Three months ago, things were looking down for chipmaker Atmel (NASDAQ:ATML). A shallow outlook, slow sales, and the uncertain future of Microsoft's (NASDAQ:MSFT) Windows 8 devices, and declining fortunes of Samsung's (NASDAQOTH:SSNLF) Galaxy S4 didn't paint a good picture of Atmel's business. However, Atmel bulls cheered the company's recently reported third-quarter results and shares spiked 14% in a single day.

But if you're thinking that Atmel soared due to terrific quarterly results or an outstanding outlook, you would be disappointed. Both revenue and earnings declined from the prior-year period and Atmel missed the revenue estimate. However, Atmel management boosted its share repurchase program by $300 million, bringing the total authorization to $1 billion. In addition, Canaccord Genuity reiterated its buy rating on Atmel with a price target of $9.

It looks like these factors boosted investors' confidence and Atmel was flying, even though it didn't do anything special. Its revenue expectation of $350 million to $364 million for the ongoing quarter isn't outstanding either, as this would result in a year-over-year gain of just 3.6% at the mid-point.

However, there were certain positive indicators about Atmel's business. Atmel was involved in several design wins in the previous quarter for its microcontroller business, which accounts for almost two-thirds of its revenue.

Gaining traction in mobile
Atmel is now supplying the controller to Chinese smartphone maker Xiaomi for its Mi3 smartphone. This could be an important win for Atmel, as the Mi3 was sold out in less than 90 seconds when it went on sale last month. In August, Xiaomi had announced that it expects to sell 20 million units in 2013, an estimate which should ideally be revised upwards given the initial success of its latest smartphone. 

In addition, Atmel will also be supplying controllers for Samsung's new Galaxy Note 10.1, the Galaxy Tab 3, LG's new G Pad tablet, and a few other Chinese companies. Atmel has long waited for Android tablets to succeed and Samsung's rapid growth in tablets is what it desperately needed.

In the third quarter, Samsung's tablet shipments increased 123% year over year to 9.7 million units, according to IDC. Samsung had 20.4% market share and it is rapidly catching up with Apple, whose share fell to 29.6% from 40% in the year-ago period. The success of the Galaxy Tab 3 has helped Samsung's tablet growth and the South Korean giant is now aiming for the top spot.

Will Windows 8.1 be a savior?
Atmel is expecting sales of touch-based Windows 8 systems to pick up going forward.
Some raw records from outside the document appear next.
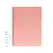 Caderno Espiral A4 Quadriculado LACES Rosa 80Fls 1un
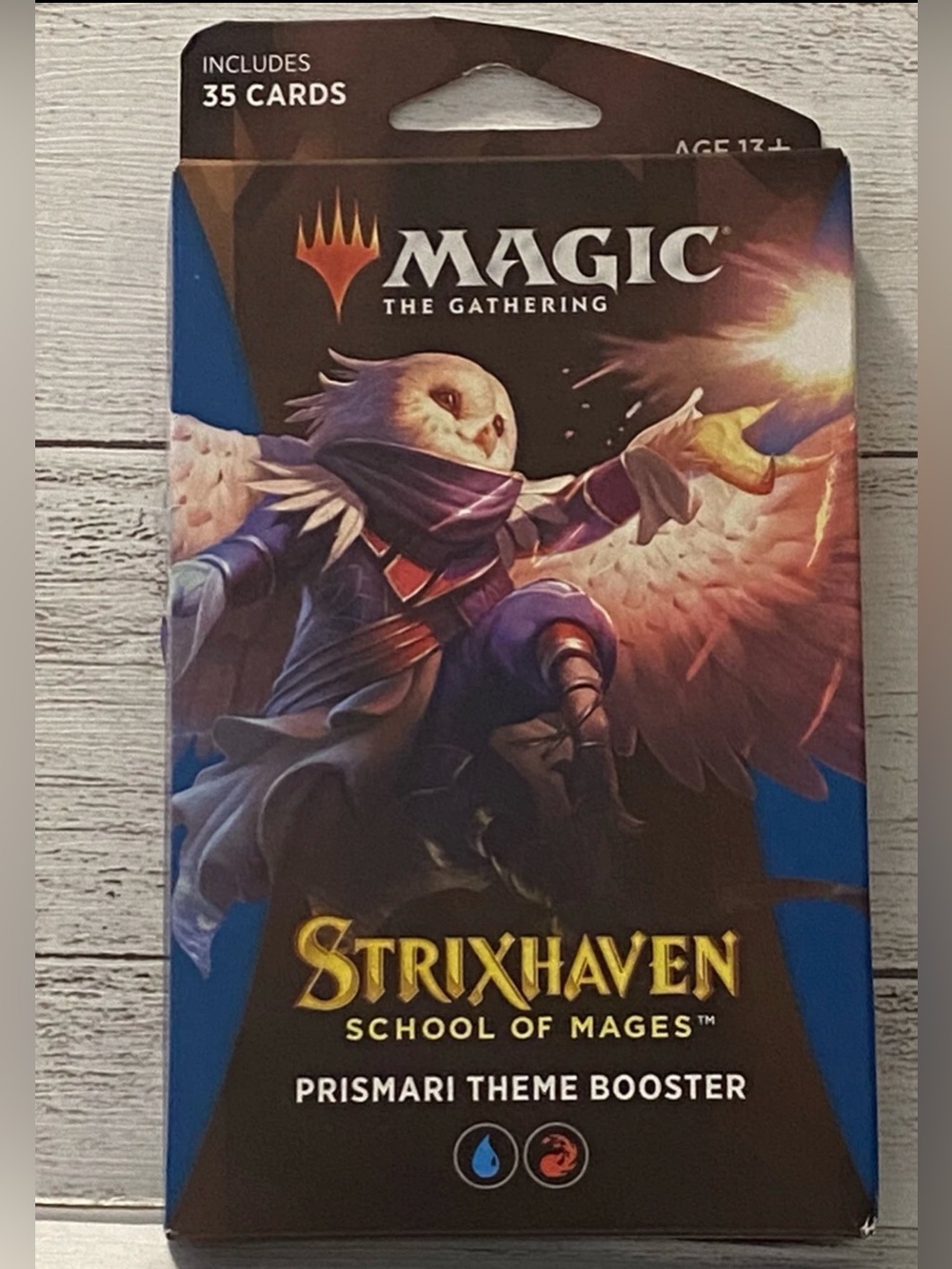 Magic The Gathering Strixhaven School Of Mages Prismari Theme Booster 35 Cards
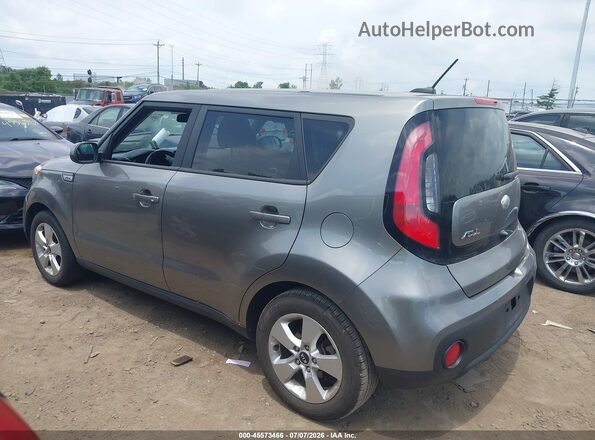 KNDJN2A27K7669409 2019 KIA SOUL Серый Панорамный вид салона 360°
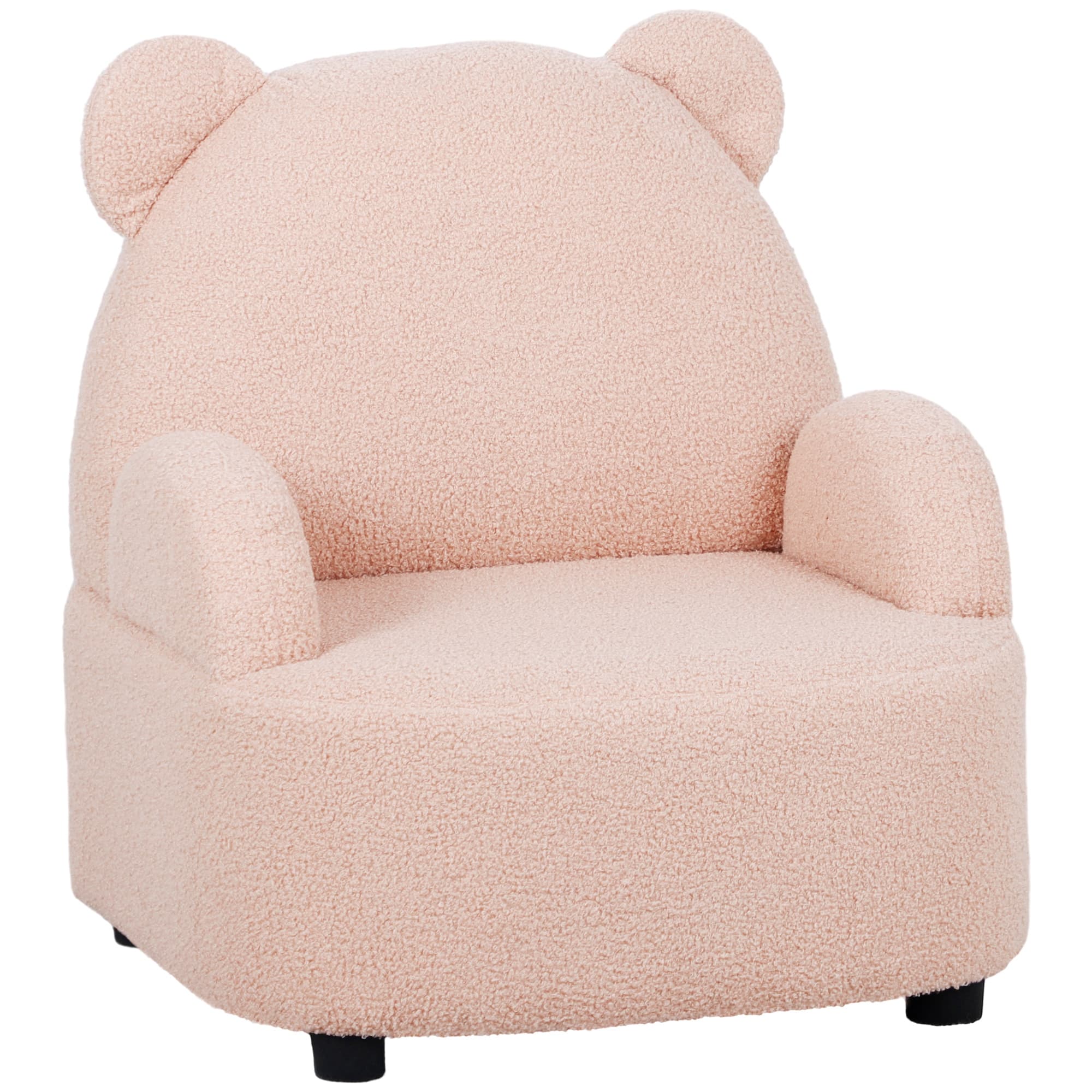 Cosy Pink Bear Armchair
According to Intel, more than 50% of its fourth-generation core designs are touch-based systems while almost all Ultrabooks are expected to be touch-enabled in the future. 

Now, Atmel believes that Microsoft's latest Windows 8.1 operating system will provide a boost to these touch-based systems. In fact, Windows 8.1 has got off to a good start, outpacing its predecessor in the first month of availability. Windows 8.1's market share doubled in October, as reported by TechCrunch, and it is now running on 1.72% of all desktop-based computers.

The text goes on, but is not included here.